La controverse survient, en effet, dans un contexte de montée en France du courant extrémiste et des nostalgiques de l’Algérie française qui promeuvent ce genre d’hommages et s’opposent à toute reconnaissance ou repentance de la France par rapport à son passé colonial.

« On vit dans un pays où près de trois Français sur dix s’apprêtent à voter pour le Rassemblement national », rappelle l’historien spécialiste des guerres coloniales, Alain Ruscio, interrogé par France Info, allusion aux prochaines élections européennes où Jordan Bardella, le président du parti fondé par l’extrémiste Jean-Marie Le Pen, est crédité de 30 % des intentions de vote.

Bigeard, l’homme qui jetait les Algériens en mer, les pieds coulés dans du béton

L’historien affirme que les faits reprochés à Bigeard pendant la Guerre d’Algérie sont avérés. La pratique abominable de jeter en mer, à partir d’un hélicoptère, des prisonniers, les pieds coulés dans du béton, porte son nom : les « crevettes Bigeard ».

« Je ne sais pas s’il mettait la main à la pâte ou s’il était présent, mais en tout cas sa responsabilité directe dans la torture est avérée », ajoute-t-il.

Pour la Ligue des droits de l’Homme (LDH), Bigeard « symbolise les guerres coloniales » et est responsable des « pires méthodes d’interrogatoires des prisonniers vietnamiens et algériens ».

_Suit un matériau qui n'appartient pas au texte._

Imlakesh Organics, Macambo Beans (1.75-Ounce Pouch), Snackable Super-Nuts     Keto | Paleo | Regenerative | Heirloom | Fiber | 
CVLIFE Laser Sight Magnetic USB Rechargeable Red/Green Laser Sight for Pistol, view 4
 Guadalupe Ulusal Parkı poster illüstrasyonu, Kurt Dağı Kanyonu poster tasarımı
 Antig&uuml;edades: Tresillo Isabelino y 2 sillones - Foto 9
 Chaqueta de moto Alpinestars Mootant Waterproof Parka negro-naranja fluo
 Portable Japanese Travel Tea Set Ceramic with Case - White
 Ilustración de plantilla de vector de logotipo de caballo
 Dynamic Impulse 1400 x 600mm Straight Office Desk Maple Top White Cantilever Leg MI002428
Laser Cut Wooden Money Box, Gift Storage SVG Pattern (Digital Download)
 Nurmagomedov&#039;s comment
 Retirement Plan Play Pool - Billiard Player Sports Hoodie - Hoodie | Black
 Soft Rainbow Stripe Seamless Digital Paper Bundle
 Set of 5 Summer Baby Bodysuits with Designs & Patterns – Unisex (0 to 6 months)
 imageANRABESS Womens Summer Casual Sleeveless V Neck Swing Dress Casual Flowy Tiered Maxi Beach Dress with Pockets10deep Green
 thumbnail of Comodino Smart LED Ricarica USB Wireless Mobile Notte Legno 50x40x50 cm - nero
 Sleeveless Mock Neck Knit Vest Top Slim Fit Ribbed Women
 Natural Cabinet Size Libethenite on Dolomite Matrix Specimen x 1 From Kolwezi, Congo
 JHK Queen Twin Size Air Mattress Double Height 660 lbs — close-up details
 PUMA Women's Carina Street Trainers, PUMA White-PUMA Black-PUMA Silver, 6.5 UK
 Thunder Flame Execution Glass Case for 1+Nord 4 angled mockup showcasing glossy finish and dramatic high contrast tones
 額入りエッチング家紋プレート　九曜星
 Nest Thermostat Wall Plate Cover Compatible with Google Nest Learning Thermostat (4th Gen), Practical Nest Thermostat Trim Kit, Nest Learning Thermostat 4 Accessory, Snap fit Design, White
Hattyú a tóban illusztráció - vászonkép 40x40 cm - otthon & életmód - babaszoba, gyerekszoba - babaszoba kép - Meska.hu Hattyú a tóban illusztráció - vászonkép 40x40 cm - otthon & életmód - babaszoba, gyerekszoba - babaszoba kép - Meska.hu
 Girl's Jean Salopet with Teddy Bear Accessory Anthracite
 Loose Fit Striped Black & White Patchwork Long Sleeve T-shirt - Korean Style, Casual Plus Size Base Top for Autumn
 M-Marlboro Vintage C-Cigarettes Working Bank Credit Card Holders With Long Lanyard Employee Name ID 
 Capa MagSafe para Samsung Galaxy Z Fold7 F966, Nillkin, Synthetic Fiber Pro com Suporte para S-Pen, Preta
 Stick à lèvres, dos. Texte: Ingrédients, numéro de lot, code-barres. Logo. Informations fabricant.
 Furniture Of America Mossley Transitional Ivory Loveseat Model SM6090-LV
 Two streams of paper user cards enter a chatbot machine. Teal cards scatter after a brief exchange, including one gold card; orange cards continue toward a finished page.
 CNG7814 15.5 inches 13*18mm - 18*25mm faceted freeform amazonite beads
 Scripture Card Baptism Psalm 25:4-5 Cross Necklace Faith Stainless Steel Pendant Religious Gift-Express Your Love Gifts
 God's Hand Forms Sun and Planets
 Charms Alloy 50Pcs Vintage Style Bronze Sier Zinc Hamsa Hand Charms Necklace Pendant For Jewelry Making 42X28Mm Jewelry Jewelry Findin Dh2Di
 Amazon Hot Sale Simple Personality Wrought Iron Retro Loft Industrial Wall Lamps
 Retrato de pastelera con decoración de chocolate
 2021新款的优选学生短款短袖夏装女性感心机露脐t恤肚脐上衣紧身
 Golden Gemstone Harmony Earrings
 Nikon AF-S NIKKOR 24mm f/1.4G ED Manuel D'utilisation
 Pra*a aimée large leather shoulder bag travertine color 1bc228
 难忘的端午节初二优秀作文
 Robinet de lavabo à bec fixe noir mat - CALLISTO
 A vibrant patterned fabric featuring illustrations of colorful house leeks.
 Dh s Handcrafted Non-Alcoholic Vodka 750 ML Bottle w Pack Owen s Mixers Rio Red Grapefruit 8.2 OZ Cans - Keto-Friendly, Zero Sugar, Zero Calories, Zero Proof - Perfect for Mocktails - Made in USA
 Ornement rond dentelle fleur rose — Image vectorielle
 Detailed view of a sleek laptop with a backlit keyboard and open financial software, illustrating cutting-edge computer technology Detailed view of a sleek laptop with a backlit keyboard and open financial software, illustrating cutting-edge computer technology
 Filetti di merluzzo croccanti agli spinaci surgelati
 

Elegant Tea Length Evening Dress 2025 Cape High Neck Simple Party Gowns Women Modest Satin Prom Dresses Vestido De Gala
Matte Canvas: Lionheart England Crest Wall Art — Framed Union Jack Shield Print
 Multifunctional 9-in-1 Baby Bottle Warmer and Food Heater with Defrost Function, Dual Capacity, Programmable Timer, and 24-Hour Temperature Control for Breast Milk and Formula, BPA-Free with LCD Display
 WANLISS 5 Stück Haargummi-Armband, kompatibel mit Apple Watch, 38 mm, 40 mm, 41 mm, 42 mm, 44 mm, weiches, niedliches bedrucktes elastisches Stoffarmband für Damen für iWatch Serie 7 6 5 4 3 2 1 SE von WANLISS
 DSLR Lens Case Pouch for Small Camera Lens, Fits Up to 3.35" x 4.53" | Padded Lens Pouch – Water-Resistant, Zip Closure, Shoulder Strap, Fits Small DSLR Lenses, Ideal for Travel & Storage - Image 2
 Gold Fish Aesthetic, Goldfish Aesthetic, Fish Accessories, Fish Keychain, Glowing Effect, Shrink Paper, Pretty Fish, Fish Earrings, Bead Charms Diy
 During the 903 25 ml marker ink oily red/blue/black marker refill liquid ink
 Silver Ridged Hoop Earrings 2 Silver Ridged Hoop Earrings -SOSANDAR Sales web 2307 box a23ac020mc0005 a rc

Même s’il a un passé de résistant pendant la Seconde Guerre mondiale, « il ne peut en aucun cas servir de modèle pour la jeunesse à cause des actes de torture commis durant la guerre d’Algérie ».

« On ne peut pas justifier la torture, les mauvais traitements qui sont des actes de barbarie, des actes criminels condamnés par le droit », a estimé le collectif Histoire et Mémoire, soulignant que, aujourd’hui encore, dans « bien des familles vietnamiennes et algériennes […] le nom de Bigeard sonne comme synonyme des pratiques les plus détestables de l’armée française ».

Après sa retraite de l’armée avec le grade de général de corps d’armée, Bigeard s’est lancé dans la politique, devenant notamment secrétaire d’État auprès du ministre de la Défense entre 1975 et 1976 puis député entre 1978 et 1988 sous l’étiquette UDF (Union pour la démocratie française, droite non-gaulliste).

Très présent sur les médias et auteur de plusieurs livres, il a tantôt nié la pratique de la torture en Algérie, préférant parler d’ « interrogatoires musclés », tantôt justifié ces méthodes par le souci d’éviter que « des bombes explosent ».

Il a en tout cas toujours nié sa participation directe à des scènes de torture. Il n’a jamais rendu compte de ses actes devant la justice avant son décès en 2010, à 94 ans.

En 1976, il a échangé une poignée de main historique sur un plateau de télévision avec le commandant Azzedine qu’il avait combattu pendant la Guerre de libération nationale.

Azzedine était le commandant du célèbre commando Ali Khodja. Bigeard lui a rendu hommage pour sa bravoure ainsi qu’à d’autres chefs de la révolution, dont Larbi Ben M’hidi et Abbas Laghrour.